Think Like a Multifunction Tool
A mechanical engineer, an electrical engineer and a software engineer were driving down the road in an older car. The car was moving down the road just fine, when all of a sudden, it bucked and stalled. The mechanical engineer said, “I know what’s wrong. It’s obviously the carburetor.” The electrical engineer said, “No. It has something to do with the ignition system.” Then the software engineer said, “Hey, lets just try getting out of the car and then try getting in again.”
My neighbor and local physics/vintage motorcycle/cat guru, Richard Barsotti, sent me that joke. He had gotten it from a vintage motorcycle friend. I really enjoyed this one because I was able to find humor on multiple levels.
The obvious part is making fun of the software engineer and his simple solution of “restarting” the car a la computer. But this joke works on another level as well, a way that might be a more directly related to real life. We all can’t help but frame problems (and their solutions) in the context with which we are most familiar.
I have dealt with the distributor, rotor, points, condenser and wires on my 8N more times than I care to admit. I know those parts and how they work. I could take the cap off and touch up the points with my eyes closed. (Well, maybe not with my eyes CLOSED, but you get the idea.)
When the 8N won’t start, I almost always go to check the ignition system first. (I will also say, the way the tractor stops running or the way it won’t start also informs my thinking as well.)

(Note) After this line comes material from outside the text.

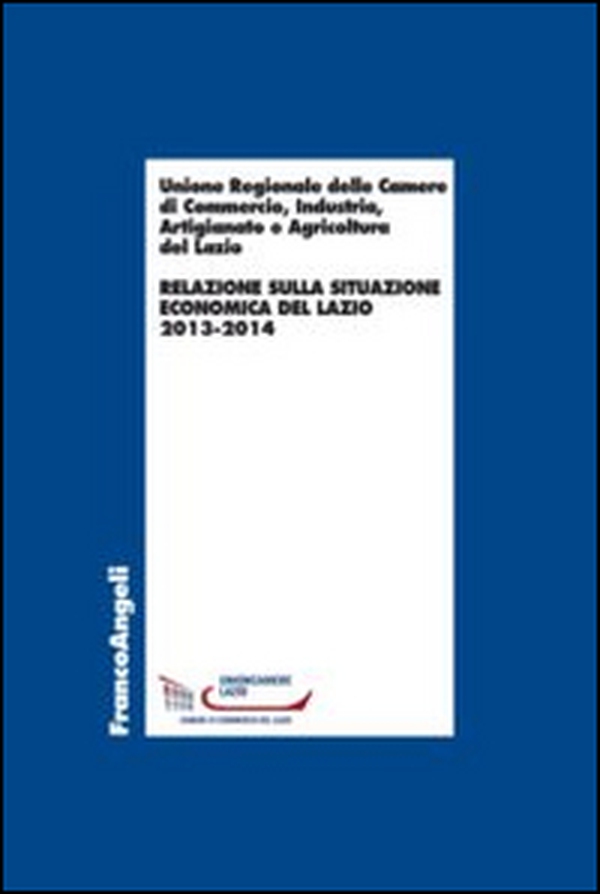 Relazione sulla situazione economica del Lazio 2013-2014 - Librerie.coop Relazione sulla situazione economica del Lazio 2013-2014 - Librerie.coop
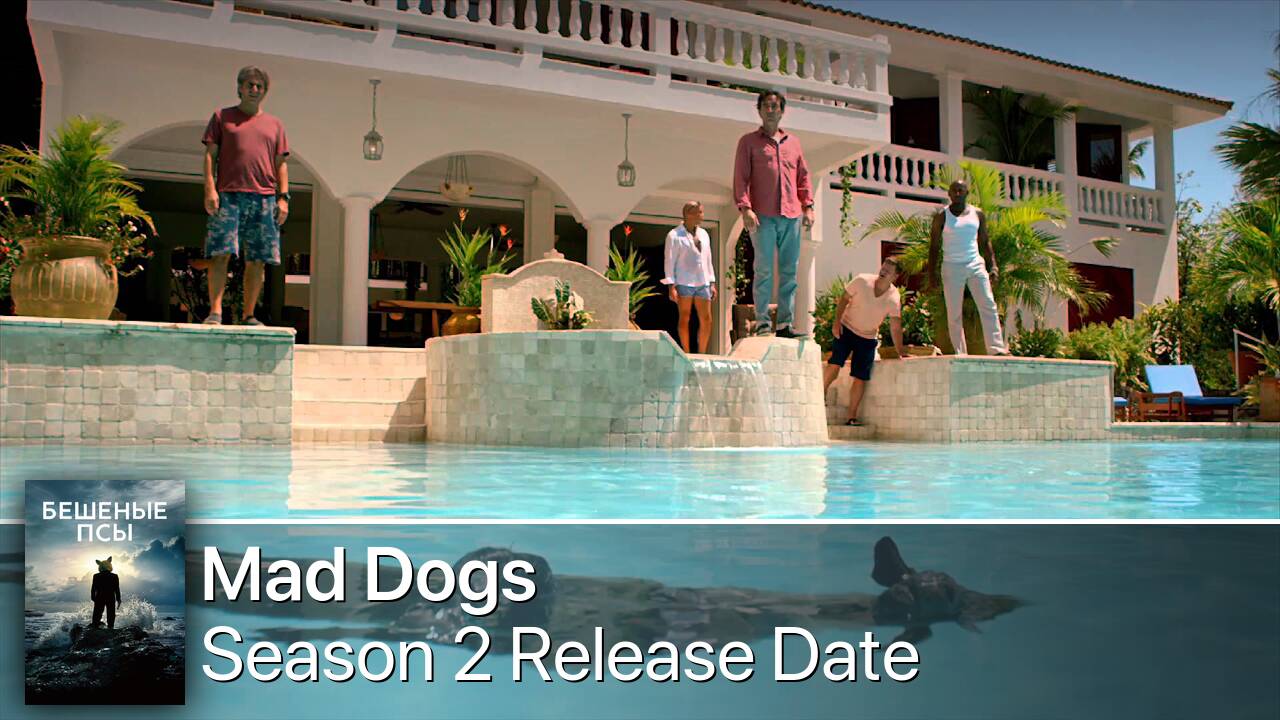 Mad Dogs Season 2 Release Date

But I had a problem with it a few years ago and I couldn’t track it down until my uncle Gerard (founder of this magazine) asked me if I had checked the key switch. He told a story about having a problem back in the late 1970s similar to what I was experiencing and how an old timer (back then) at a Ford dealer told him to replace the key switch. Well, that was the problem this time as well. The key switch had failed. The engine was cranking, but there was no power going to the ignition circuit, so it seemed like the tractor should start, but there was no spark.
Obviously, you could check for a spark and if there isn’t one, you start with the part most directly involved and work backwards from there. Without the tip from my uncle, it would have taken me a lot longer to get to the key switch.
When you are a hammer, everything looks like a nail. I guess the trick is to look at the world (and your tractor) through the eyes of a multifunction tool.